Effect of gap junction blockers on the profiles of radioactivity

Schwann cells of mouse vagus nerve express gap junction proteins (Connexin 32 and Connexin 43; Zhao et al. 1999) and there is electrical and dye coupling between the glial cells (astrocytes) that ensheathe the axons of amphibian optic nerve (Cohen, 1970; Marrero & Orkand, 1996).

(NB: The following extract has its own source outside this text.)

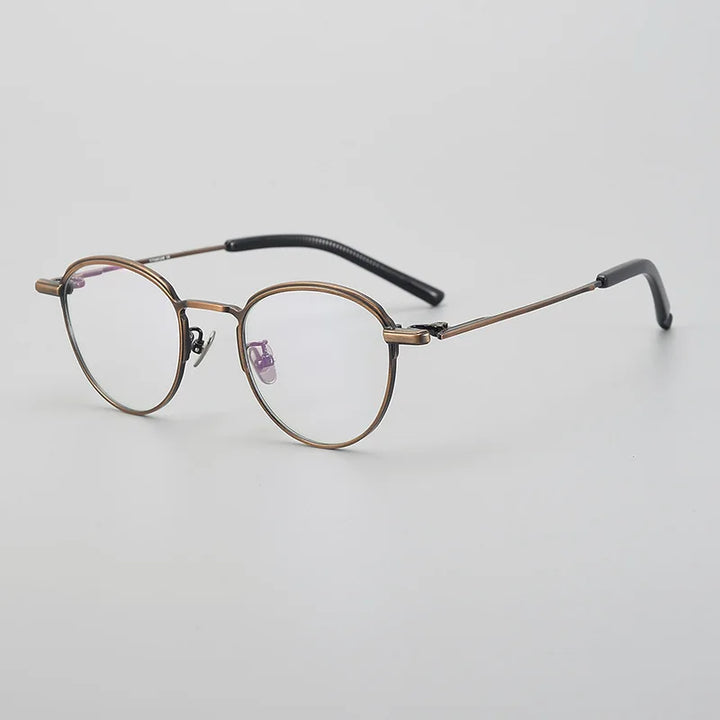 Black Mask Women's Full Rim Square Titanium Eyeglasses T980 Full Rim Black Mask Bronze  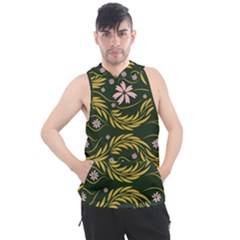 Folk Flowers Print Floral Pattern Ethnic Art Men s Sleeveless Hoodie by Eskimos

When the blocker of gap junctions, (GA, 10 µM; Davidson & Baumgarten, 1988), was included in the perifusate, the profiles of radioactivity were narrower than those in the carrier, DMSO (Fig. 3C). To compare profiles using all the information available (the whole profile, the width of the Evans blue mark, and the finite length of the nerve) we used the program described in the Appendix to fit each profile with a curve describing diffusion in a single compartment with a diffusion coefficient D (see Fig. 4A). There were significant reductions in D with GA (P = 0.011, compared to the carrier, DMSO), and also with the related more water-soluble gap junction blocker, carbenoxolone (100 µM, P = 0.0069). Halothane (3 mM, Rozental et al. 2001) did not significantly reduce D compared to control nerves, but did reduce it compared to nerves exposed to DMSO, another organic solvent. These results are summarized in Fig. 3D. The carbenoxolone was added only during the incubation period; the GA and the halothane were present also during the application of *DG.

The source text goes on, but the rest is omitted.